Starting with the line that contains "Wedding photographer Anton" and ending with the last line of the entries, repeat exactly those lines and nothing else, pictures excluded.

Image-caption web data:
=-=-=

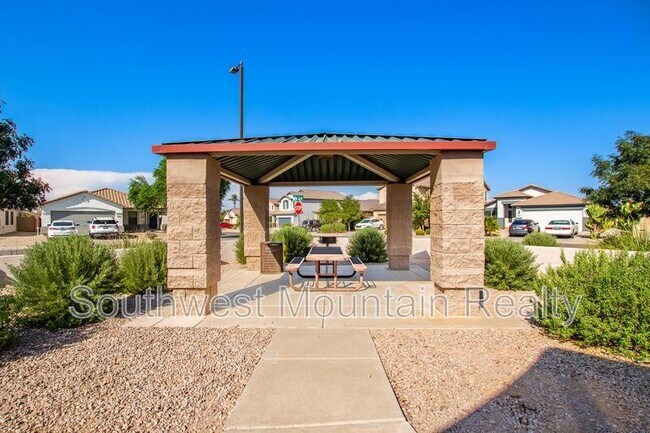 Building Photo - 1098 W Oak Tree Ln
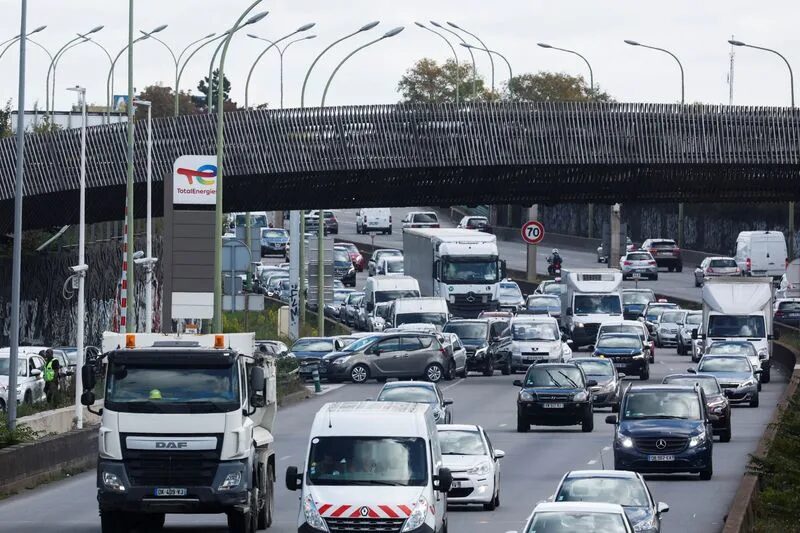 Click to enlarge Paris petrol stations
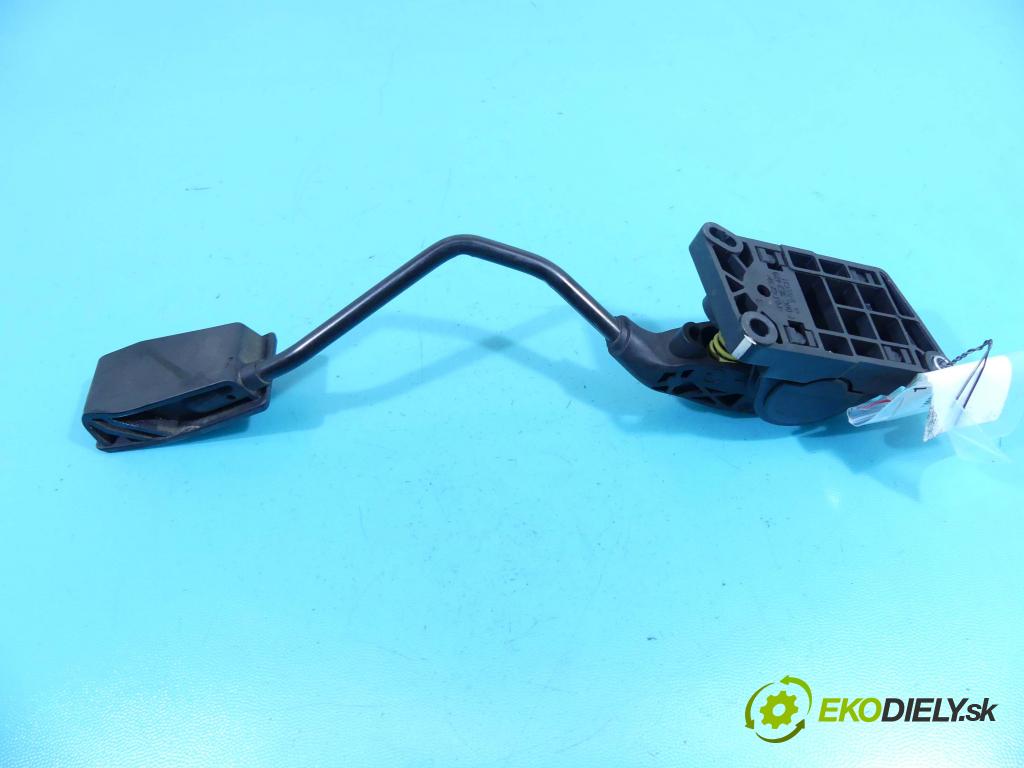 Peugeot 407 2.0 hdi 136 HP manual 100 kW 1997 cm3 4- pedále F00C3E2429 (Pedále)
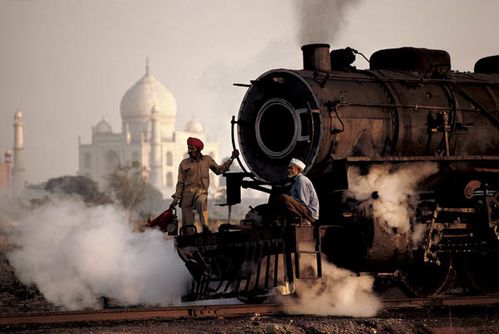 inde-agra-train-taj-mahal-1983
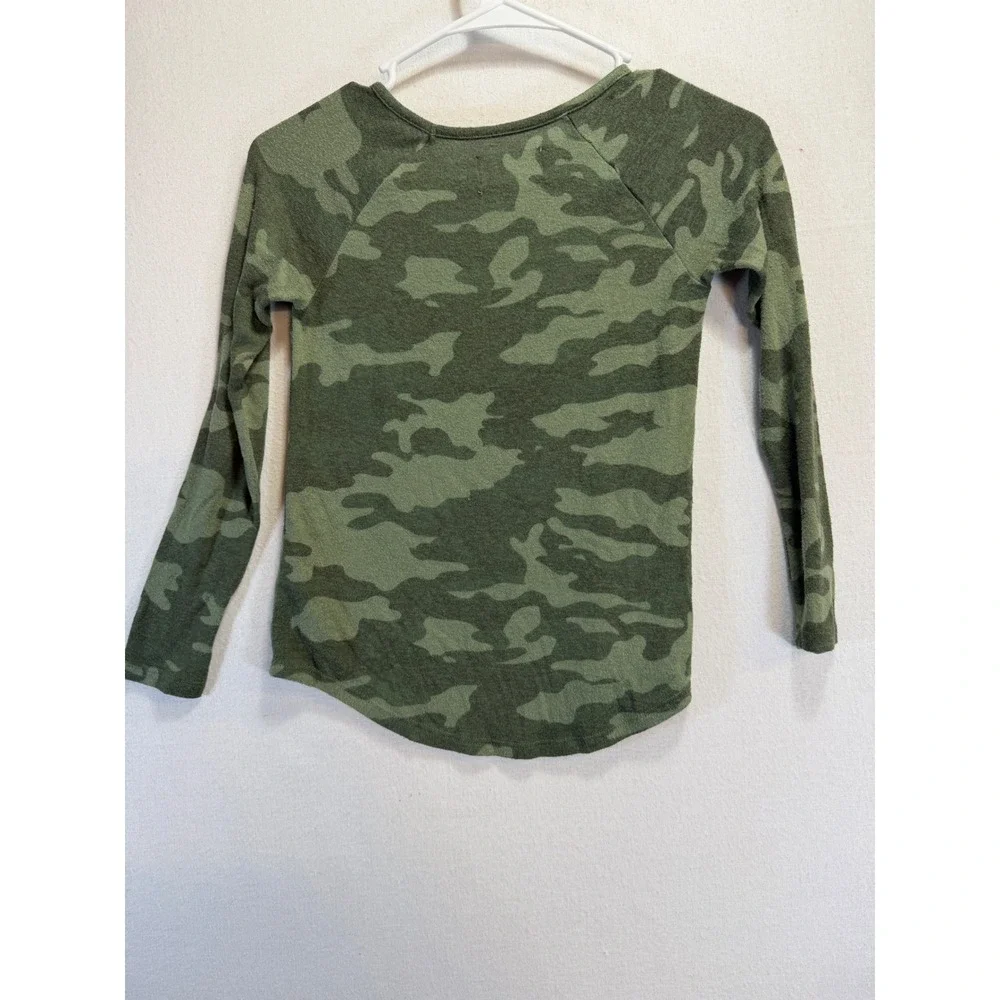 Old Navy Kids Green Camouflage Raglan Long Sleeve Shirt Size M 8 Knit Top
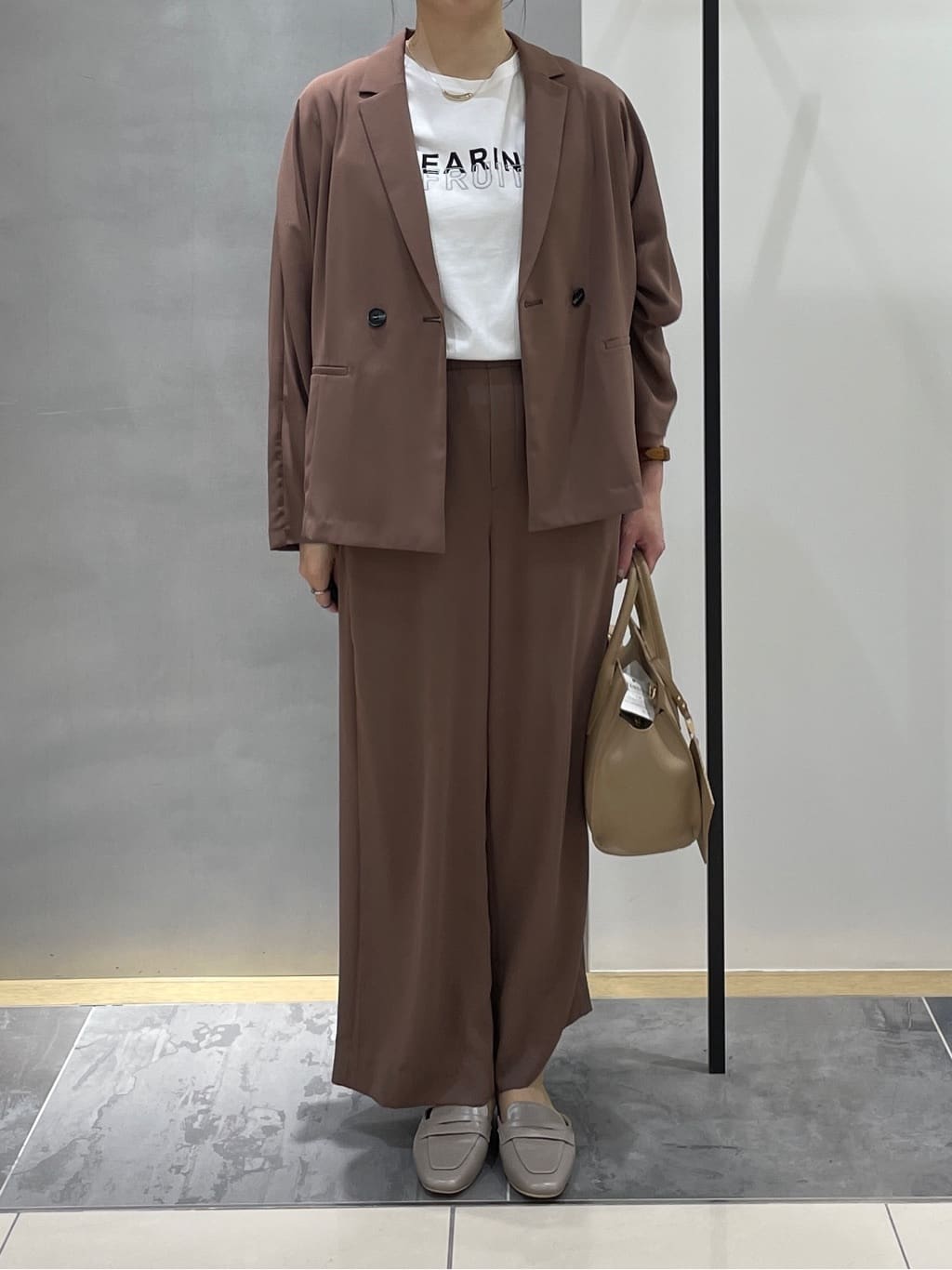 shihoさんの「INDIVI｜【接触冷感／透湿／着る日傘】ドルマンダブルジャケット」を使ったコーディネート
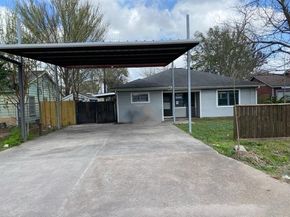 125 W Sunnyside Street, Houston TX 77076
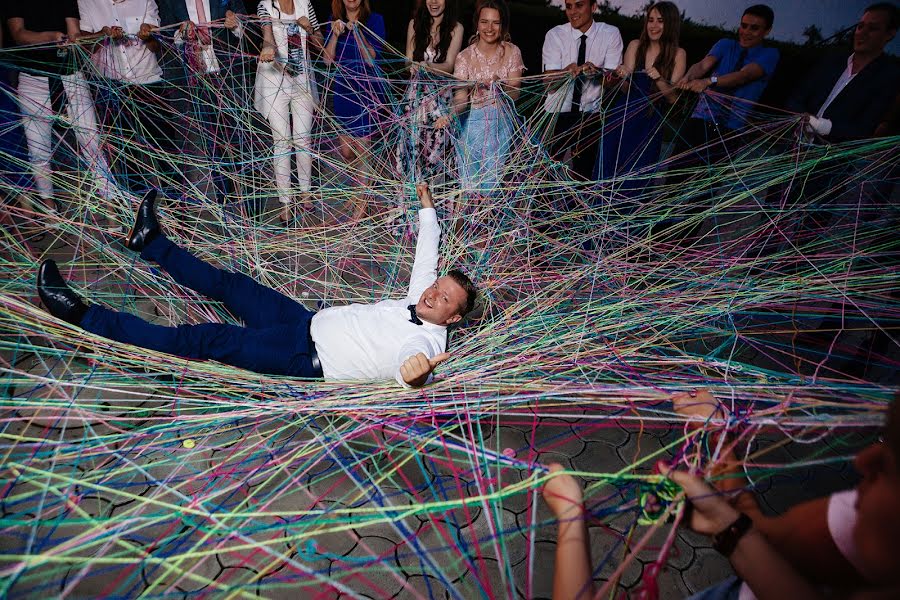 Wedding photographer Anton Bakaryuk (bakaruk). Photo of 11 April 2018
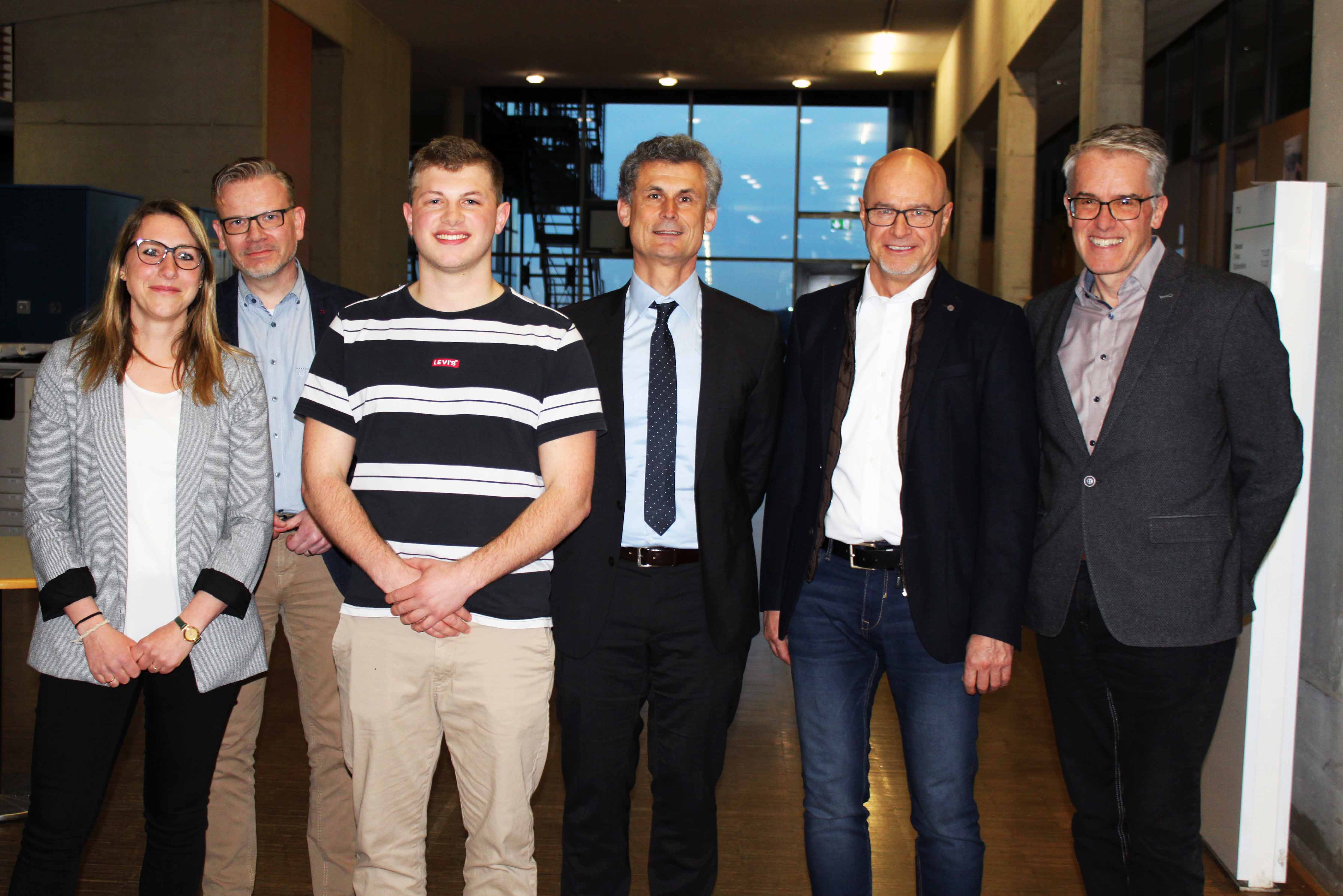Informierten auf dem Campus der Fakultät für Technik der Hochschule Pforzheim gemeinsam über das kooperative Angebot StudiumPLUS: Saskia Schnaidt, Guido Sand, Josia Haenel, Jürgen Bauer, Rüdiger Weik und Martin Thum (v.l.n.r.). 
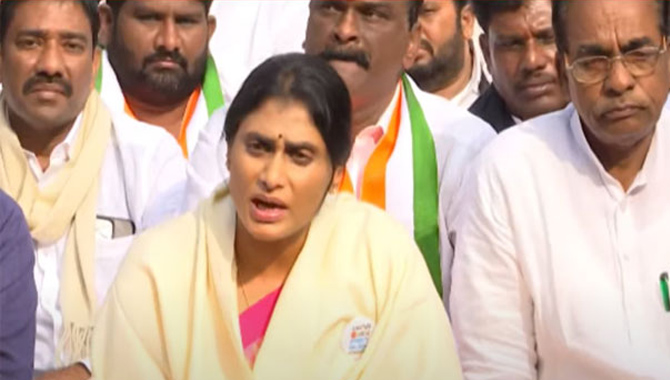 ఒక ఎమ్మెల్యే, ఎంపీ లేరు .. అయినా ఆ పార్టీయే రాష్ట్రంలో : వైఎస్ షర్మిల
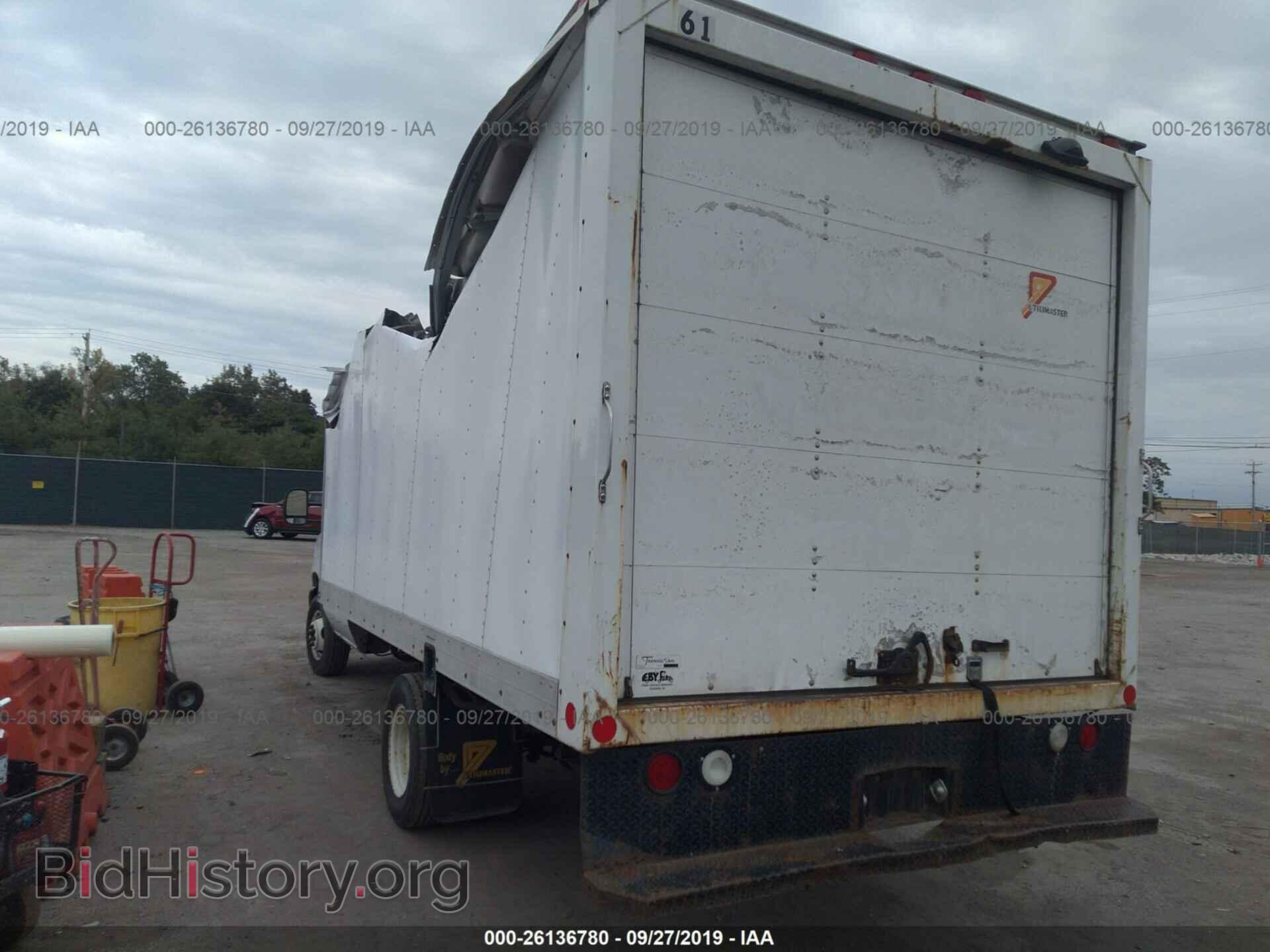 2010 FORD ECONOLINE - VIN: 1FDWE3FL5ADA03612 - Фото 3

=-=-=

WRITTEN RESPONSE =>
 Wedding photographer Anton Bakaryuk (bakaruk). Photo of 11 April 2018
Informierten auf dem Campus der Fakultät für Technik der Hochschule Pforzheim gemeinsam über das kooperative Angebot StudiumPLUS: Saskia Schnaidt, Guido Sand, Josia Haenel, Jürgen Bauer, Rüdiger Weik und Martin Thum (v.l.n.r.). 
 ఒక ఎమ్మెల్యే, ఎంపీ లేరు .. అయినా ఆ పార్టీయే రాష్ట్రంలో : వైఎస్ షర్మిల
 2010 FORD ECONOLINE - VIN: 1FDWE3FL5ADA03612 - Фото 3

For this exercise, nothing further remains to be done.